Bien sûr, personne ne songe à se déclarer un adepte du scientisme (en fait, le terme n’a pas de mot associatif pour décrire une telle personne: les scientifiques sont ceux qui font de la science et non ceux qui adhèrent à l’idéologie du scientisme ). En effet, en philosophie, c’est devenu un sport répandu d’accuser l’adversaire de scientisme de ridiculiser sa « foi » dans les sciences et par conséquent tenter de réduire les différends philosophiques comme étant d’ordre scientifique.
Les créationnistes, aussi se targuent de respecter la science, affirmant que c’est le scientisme qu’ils détestent, bien qu’ils définissent « la vraie science » comme étant tout ce qui ne contredit pas leur interprétation de la Bible et comme « scientiste» toute position qui n’est pas en accord avec les leurs. Le scientisme et les sentiments anti science sont les deux côtés d’une même médaille, un engagement aveugle envers une idéologie particulière, advienne que pourra.
Maintenant que nous avons une appréciation de la position scientiste et un sens intuitif de la raison pour laquelle elle peut réellement porter ombrage à la vraie science, il serait instructif de comprendre ce qu’est la science moderne et comment elle fonctionne. Nous pouvons commencer par dissiper un mythe commun. La science n’est pas un ensemble de connaissances. L’ensemble de connaissances acquises que nous appelons « scientifique» est un produit de la science, mais ne la définie pas.
Par exemple, la théorie de la relativité générale est maintenant presque universellement acceptée comme la meilleure explication de beaucoup (mais pas la totalité) des propriétés physiques de base de l’univers. Elle a entièrement supplanté la physique (classique) de Newton comme modèle pour comprendre le monde. Est-ce à dire que la mécanique newtonienne était de la science, mais qu’elle ne l’est plus depuis Albert Einstein? Bien sûr que non. Les deux théories ont été développées dans le domaine de la science en utilisant des méthodes scientifiques. Les deux sont valables avec certaines limites, mais la théorie d’Einstein est d’application beaucoup plus large et elle fait des prédictions plus précises. Par conséquent, elle nous donne une explication plus complète de ce qui existe. Ceci (et le fait que la mécanique newtonienne est conceptuellement plus simple) est la raison pourquoi on enseigne aux étudiants en physique la mécanique classique au début de leur carrière universitaire, pour ensuite leur dire de l’oublier quand ils sont initiés aux merveilles de la relativité.
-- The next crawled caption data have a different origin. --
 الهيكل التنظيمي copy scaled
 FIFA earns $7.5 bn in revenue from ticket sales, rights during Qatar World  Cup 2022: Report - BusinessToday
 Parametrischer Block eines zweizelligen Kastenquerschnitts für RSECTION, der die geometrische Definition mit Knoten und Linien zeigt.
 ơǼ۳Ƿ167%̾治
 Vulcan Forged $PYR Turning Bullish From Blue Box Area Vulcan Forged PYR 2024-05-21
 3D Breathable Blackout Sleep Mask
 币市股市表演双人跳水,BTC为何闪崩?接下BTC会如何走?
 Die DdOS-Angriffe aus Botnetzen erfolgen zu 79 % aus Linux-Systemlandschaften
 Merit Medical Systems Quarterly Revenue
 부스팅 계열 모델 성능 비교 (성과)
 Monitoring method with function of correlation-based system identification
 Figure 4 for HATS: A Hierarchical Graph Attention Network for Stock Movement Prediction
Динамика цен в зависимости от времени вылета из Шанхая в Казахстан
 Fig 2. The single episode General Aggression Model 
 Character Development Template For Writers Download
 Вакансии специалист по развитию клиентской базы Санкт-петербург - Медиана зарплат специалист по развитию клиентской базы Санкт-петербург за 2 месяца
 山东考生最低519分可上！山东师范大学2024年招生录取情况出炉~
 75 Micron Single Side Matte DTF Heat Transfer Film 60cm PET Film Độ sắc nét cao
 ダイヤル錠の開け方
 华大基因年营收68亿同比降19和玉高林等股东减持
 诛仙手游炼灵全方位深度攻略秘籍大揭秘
Donc, la science est une méthode utilisée pour découvrir et expliquer provisoirement les observations sur le monde qui nous entoure, ainsi que de prédire les observations futures. Je vais expliquer brièvement les principes fondamentaux, ce qui est souvent négligé, de ce qu’on entend par le terme provisoire inséré dans cette définition. Pour l’instant, contentons-nous de la distinction entre la science comme méthode et l’ensemble de la connaissance scientifique qui est le résultat de l’application de cette méthode.
Mais quelle est la méthode par laquelle la science fonctionne? Dire que les scientifiques découvrent des choses et expliquent les phénomènes de manière scientifique se réduit à rien de plus que de mettre une étiquette sur une boîte mystérieuse. Lorsque la boîte est ouverte, cependant, il est clair pour tout le monde que la science est, fondamentalement, une approche très simple et directe à la réalité, même si certaines de ses conclusions se révèlent complètement contre-intuitives.
Les philosophes des sciences ont eu du mal à définir la méthode scientifique. En effet, on chuchote que les scientifiques eux-mêmes entrent en terrain miné lorsqu’on leur demande de définir de quelle façon la science fonctionne réellement. Il y a une explication simple à ces hésitations, certaines choses s’apprennent mieux par la pratique. Les philosophes eux-mêmes ne pratiquent pas la science et donc leurs conclusions à ce sujet se fait par méthode d’observations indirectes, de discussions et de lectures sur la façon dont la science se fait. C’est comme essayé de comprendre la méthodologie d’un mécanicien automobile par la lecture d’un manuel de réparation.
Les scientifiques ont souvent du mal à définir précisément ce qui pour eux est devenu un automatisme par le résultat d’années de formation et d’expériences. Pensez combien il est difficile d’expliquer en termes clairs une chose simple comme la façon de faire de la bicyclette. Il est beaucoup plus efficace de simplement montrer à quelqu’un comment faire. C’est ainsi que la formation scientifique se fait dans la pratique. Quand un étudiant fraichement diplômé rejoint mon laboratoire, on peut parfois avoir des discussions philosophiques sur la nature de la science (en général autour d’une bière). Mais il (où elle) apprend à concevoir une méthodologie de recherche par des interactions quotidiennes avec des gens qui font de la science (ce qui donne à penser que faire de la philosophie, ou même se détendre devant une bière, ne sont pas des activités importantes …). Même le raffinement progressif de sa pensée critique au fil du temps n’arrive pas après des cours théoriques sur la façon de penser, mais par un processus long et laborieux de discussions sur des documents de recherches publiés dans la littérature scientifique, ainsi que par la composition de ses propres articles et par la suite la réponse aux critiques reçues d’autres scientifiques.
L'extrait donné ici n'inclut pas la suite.